**Task goal:**
With the pictures set aside, return the lines below exactly, beginning at the first and ending at the line containing "First things fast".

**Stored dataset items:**
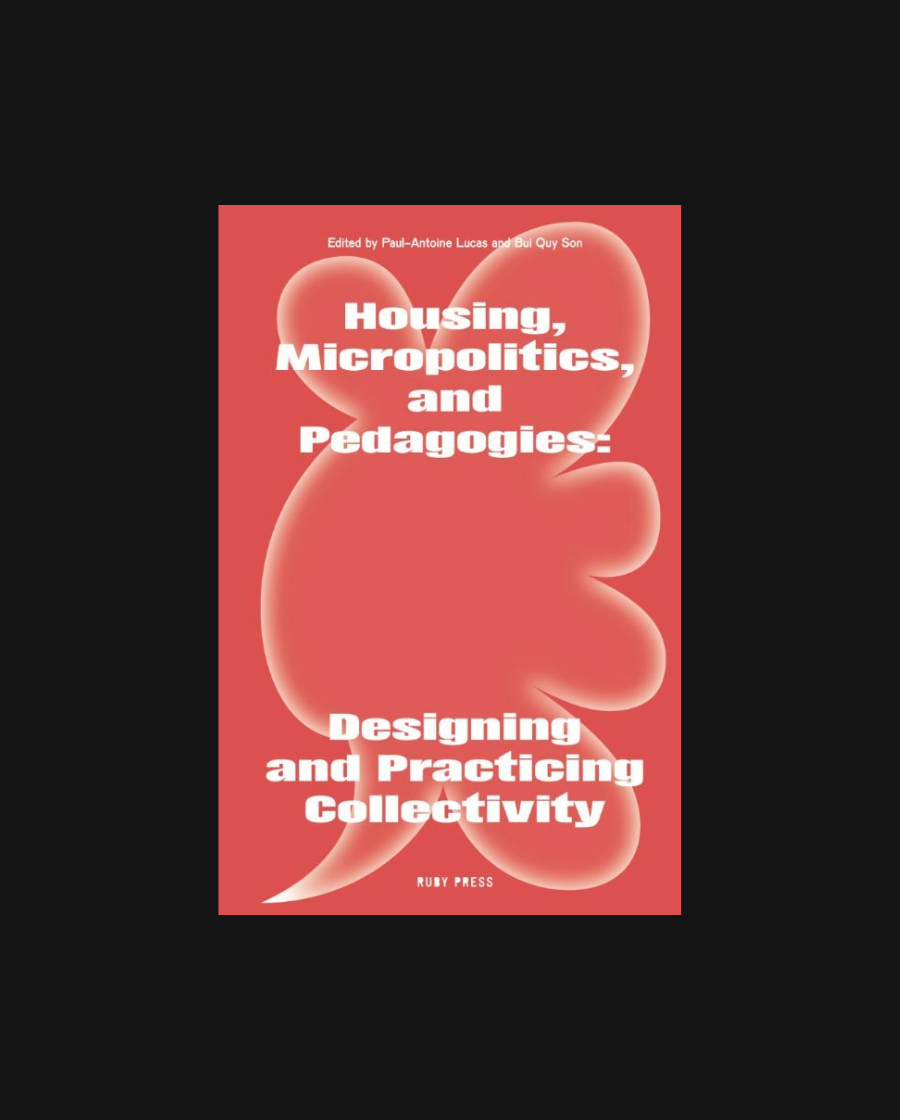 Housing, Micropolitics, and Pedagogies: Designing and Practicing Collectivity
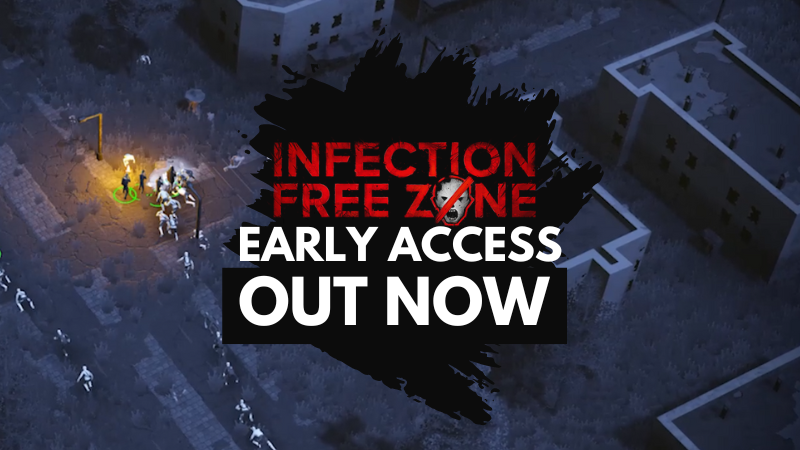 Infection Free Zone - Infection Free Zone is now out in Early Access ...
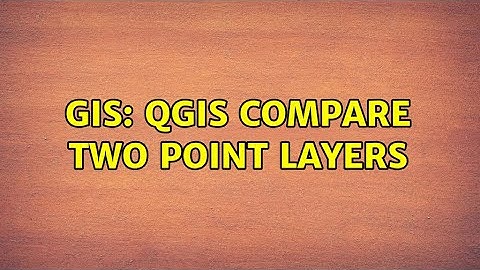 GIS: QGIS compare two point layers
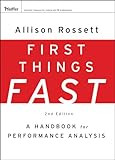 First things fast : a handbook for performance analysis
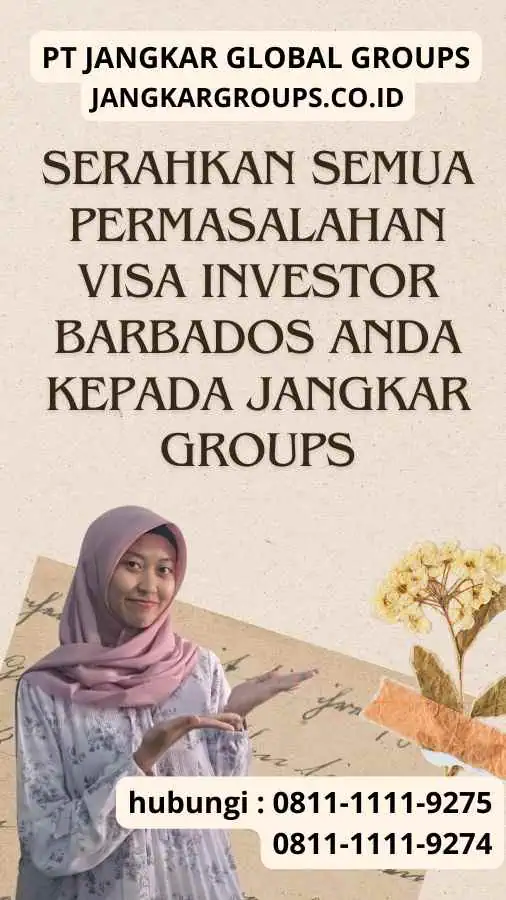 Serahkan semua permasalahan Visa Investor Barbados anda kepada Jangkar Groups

**The completed task:**
 Housing, Micropolitics, and Pedagogies: Designing and Practicing Collectivity
 Infection Free Zone - Infection Free Zone is now out in Early Access ...
 GIS: QGIS compare two point layers
 First things fast : a handbook for performance analysis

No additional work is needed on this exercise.